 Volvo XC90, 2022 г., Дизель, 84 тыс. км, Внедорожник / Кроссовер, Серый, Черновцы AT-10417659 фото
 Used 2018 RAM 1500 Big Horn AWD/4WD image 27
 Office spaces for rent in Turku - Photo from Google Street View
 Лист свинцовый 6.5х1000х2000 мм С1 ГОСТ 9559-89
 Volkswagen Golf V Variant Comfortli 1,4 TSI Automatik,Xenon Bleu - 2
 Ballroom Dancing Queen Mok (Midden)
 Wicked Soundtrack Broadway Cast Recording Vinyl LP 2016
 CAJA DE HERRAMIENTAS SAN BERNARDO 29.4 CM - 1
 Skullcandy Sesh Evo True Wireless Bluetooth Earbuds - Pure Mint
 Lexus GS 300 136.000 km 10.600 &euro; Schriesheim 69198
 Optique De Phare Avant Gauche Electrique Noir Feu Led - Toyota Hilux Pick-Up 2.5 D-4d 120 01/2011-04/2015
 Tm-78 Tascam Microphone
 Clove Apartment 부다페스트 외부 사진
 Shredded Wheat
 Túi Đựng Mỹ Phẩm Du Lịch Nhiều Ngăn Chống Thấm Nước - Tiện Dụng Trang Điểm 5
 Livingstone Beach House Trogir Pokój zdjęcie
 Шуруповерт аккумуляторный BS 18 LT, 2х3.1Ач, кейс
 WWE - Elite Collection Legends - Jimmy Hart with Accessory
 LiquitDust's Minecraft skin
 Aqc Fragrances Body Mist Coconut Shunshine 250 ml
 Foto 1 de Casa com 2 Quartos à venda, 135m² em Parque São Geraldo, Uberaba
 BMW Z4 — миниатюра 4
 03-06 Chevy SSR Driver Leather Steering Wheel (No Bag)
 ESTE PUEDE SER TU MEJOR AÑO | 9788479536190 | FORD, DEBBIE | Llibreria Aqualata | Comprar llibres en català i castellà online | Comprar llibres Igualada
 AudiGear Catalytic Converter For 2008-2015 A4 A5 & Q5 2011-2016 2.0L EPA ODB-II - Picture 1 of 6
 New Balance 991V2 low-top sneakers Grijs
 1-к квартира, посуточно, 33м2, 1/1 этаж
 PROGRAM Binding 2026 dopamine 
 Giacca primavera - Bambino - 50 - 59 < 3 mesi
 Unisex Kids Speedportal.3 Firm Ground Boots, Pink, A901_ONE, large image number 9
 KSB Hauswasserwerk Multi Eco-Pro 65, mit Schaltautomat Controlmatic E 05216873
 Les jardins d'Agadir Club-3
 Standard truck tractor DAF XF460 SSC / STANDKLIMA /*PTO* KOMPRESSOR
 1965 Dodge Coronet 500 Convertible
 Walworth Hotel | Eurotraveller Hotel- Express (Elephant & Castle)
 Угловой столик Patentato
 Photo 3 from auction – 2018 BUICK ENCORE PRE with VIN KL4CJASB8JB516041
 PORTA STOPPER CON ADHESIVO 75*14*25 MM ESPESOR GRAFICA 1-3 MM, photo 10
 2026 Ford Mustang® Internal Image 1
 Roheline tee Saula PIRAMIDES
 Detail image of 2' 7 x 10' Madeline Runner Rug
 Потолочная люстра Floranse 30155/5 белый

→ **What you should do**
Repeat every entry above exactly, leaving nothing out.

→ **Finished exercise**
 Volvo XC90, 2022 г., Дизель, 84 тыс. км, Внедорожник / Кроссовер, Серый, Черновцы AT-10417659 фото
 Used 2018 RAM 1500 Big Horn AWD/4WD image 27
 Office spaces for rent in Turku - Photo from Google Street View
 Лист свинцовый 6.5х1000х2000 мм С1 ГОСТ 9559-89
 Volkswagen Golf V Variant Comfortli 1,4 TSI Automatik,Xenon Bleu - 2
 Ballroom Dancing Queen Mok (Midden)
 Wicked Soundtrack Broadway Cast Recording Vinyl LP 2016
 CAJA DE HERRAMIENTAS SAN BERNARDO 29.4 CM - 1
 Skullcandy Sesh Evo True Wireless Bluetooth Earbuds - Pure Mint
 Lexus GS 300 136.000 km 10.600 &euro; Schriesheim 69198
 Optique De Phare Avant Gauche Electrique Noir Feu Led - Toyota Hilux Pick-Up 2.5 D-4d 120 01/2011-04/2015
 Tm-78 Tascam Microphone
 Clove Apartment 부다페스트 외부 사진
 Shredded Wheat
 Túi Đựng Mỹ Phẩm Du Lịch Nhiều Ngăn Chống Thấm Nước - Tiện Dụng Trang Điểm 5
 Livingstone Beach House Trogir Pokój zdjęcie
 Шуруповерт аккумуляторный BS 18 LT, 2х3.1Ач, кейс
 WWE - Elite Collection Legends - Jimmy Hart with Accessory
 LiquitDust's Minecraft skin
 Aqc Fragrances Body Mist Coconut Shunshine 250 ml
 Foto 1 de Casa com 2 Quartos à venda, 135m² em Parque São Geraldo, Uberaba
 BMW Z4 — миниатюра 4
 03-06 Chevy SSR Driver Leather Steering Wheel (No Bag)
 ESTE PUEDE SER TU MEJOR AÑO | 9788479536190 | FORD, DEBBIE | Llibreria Aqualata | Comprar llibres en català i castellà online | Comprar llibres Igualada
 AudiGear Catalytic Converter For 2008-2015 A4 A5 & Q5 2011-2016 2.0L EPA ODB-II - Picture 1 of 6
 New Balance 991V2 low-top sneakers Grijs
 1-к квартира, посуточно, 33м2, 1/1 этаж
 PROGRAM Binding 2026 dopamine 
 Giacca primavera - Bambino - 50 - 59 < 3 mesi
 Unisex Kids Speedportal.3 Firm Ground Boots, Pink, A901_ONE, large image number 9
 KSB Hauswasserwerk Multi Eco-Pro 65, mit Schaltautomat Controlmatic E 05216873
 Les jardins d'Agadir Club-3
 Standard truck tractor DAF XF460 SSC / STANDKLIMA /*PTO* KOMPRESSOR
 1965 Dodge Coronet 500 Convertible
 Walworth Hotel | Eurotraveller Hotel- Express (Elephant & Castle)
 Угловой столик Patentato
 Photo 3 from auction – 2018 BUICK ENCORE PRE with VIN KL4CJASB8JB516041
 PORTA STOPPER CON ADHESIVO 75*14*25 MM ESPESOR GRAFICA 1-3 MM, photo 10
 2026 Ford Mustang® Internal Image 1
 Roheline tee Saula PIRAMIDES
 Detail image of 2' 7 x 10' Madeline Runner Rug
 Потолочная люстра Floranse 30155/5 белый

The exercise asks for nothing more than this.